Considering the last Amber revision (86),
if we modify line 192 of file "main_mem.v" from: assign o_wb_ack = i_wb_stb && ( start_write || start_read_d2 );
to: assign o_wb_ack = i_wb_stb && ( wr_en || start_read_d2 );
This has the effect of delaying the wb acknowledge of one clock cycle, generating a wait state when writing to the main memory.
In this configuration, when the "boot-loader-ethmac" software is run in simulation for a23, Amber enters into an infinite loop when executing the instruction "push {r3, lr}" at address 0x1003788.
This is the first instruction of the "main" function.
This issue does not appear when running this test with a25.
Does this bug only occur if you modify the Verilog as you described?
I have a ram setup where it takes 4 cycles to return the ack pulse and I havent noticed this issue. That said it may only be for odd numbers of cycles.
Conor, leave this one open for now and i'll investigate it after i finish what im currently working on. I've been meaning to try and bring up the reference demo in Verilator anyways.
Yes, this bug only occur if I modify the code as described. Seems to only happen when cache is enabled. I got no trouble when running tests located at /hw/tests.
Yes, this bug only occur if I modify the code as described. Seems to only happen when cache is enabled. I got no trouble when running tests located at /hw/tests.
I spotted an issue with the caches a while back. let me see if i can recall it correctly. It seemed that the cache timings assumed the RAM timing would be at the same speed. In particular i noticed big issues when I implemented data aborts for writes. The cache was always written even if the wb_err signal was asserted. It could be due to that.
Currently I run with caches off because i havent had time to debug the caches with data aborts.
I may try running my fuzz program while choosing random bus waits from say 1 to 50. A CPU does need to be able to have random waits in there because bus contention could mean that the cpu has to wait while a higher priority device accesses the bus.
I may try running my fuzz program while choosing random bus waits from say 1 to 50. A CPU does need to be able to have random waits in there because bus contention could mean that the cpu has to wait while a higher priority device accesses the bus.
Ok i have confirmed there is an issue with the cache write. If the RAM and cache timings do not match then a write will result in u_fetch's o_stall never going low.

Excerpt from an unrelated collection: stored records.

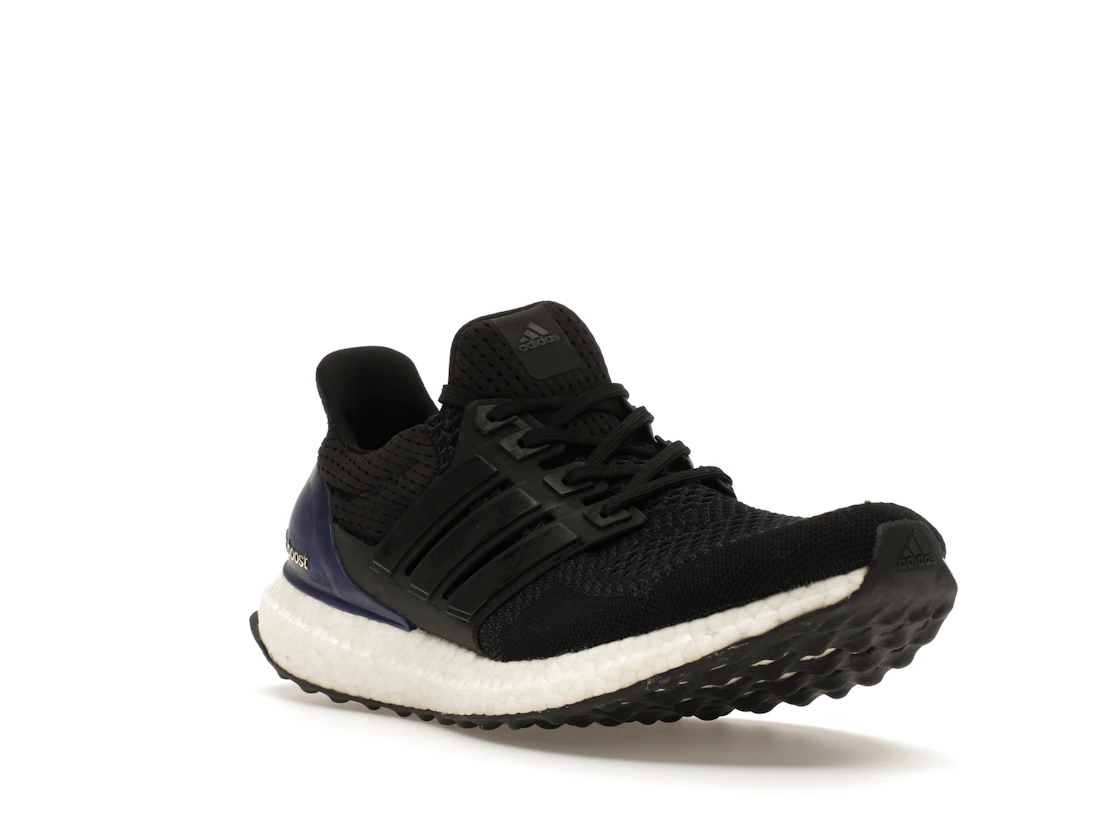Vue 6 de adidas Ultra Boost 1.0 OG Black Gold Purple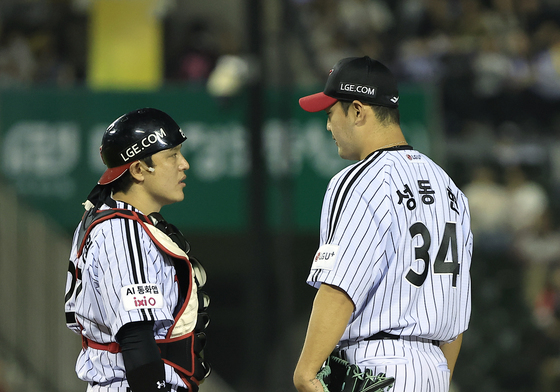 성동현과 박동원의 대화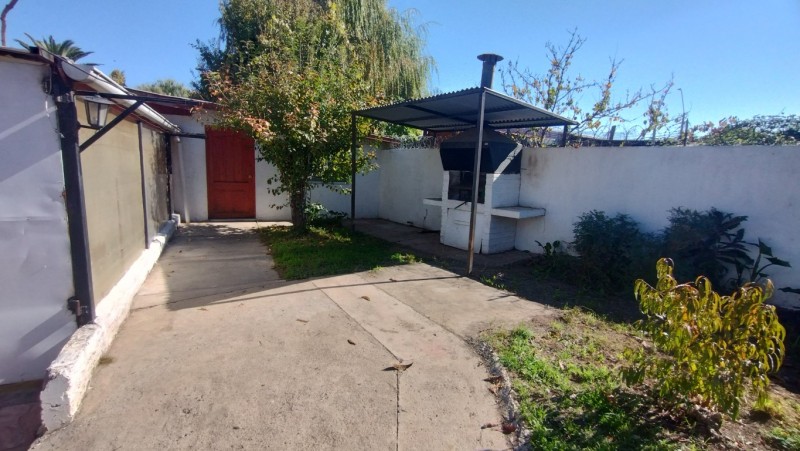 Casa Urbana, Amplio Terreno Riesco Arriba, San Vicente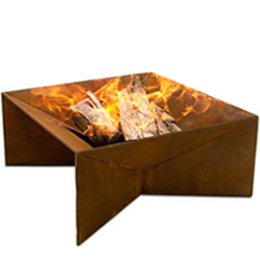 Eldstad i cortenst�l | F�r utomhusmilj� | Kantig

I think the fix here is to have the cache perform the write when the wishbone bus's ack pulse comes back. Otherwise the wishbone bus is out of step with the CPU and we're in a write back, rather than write-through, situation. Which is not what the ARMv2 is (need to double check that though).
I'll take a look at this.
Ok the problem here is kinda simple.
o_fetch_stall is set by the OR of the wb_stall and the cache_stall. The trouble is that in the bus setup described in this bug they end up being completely out of phase and hence never both go low at the same time.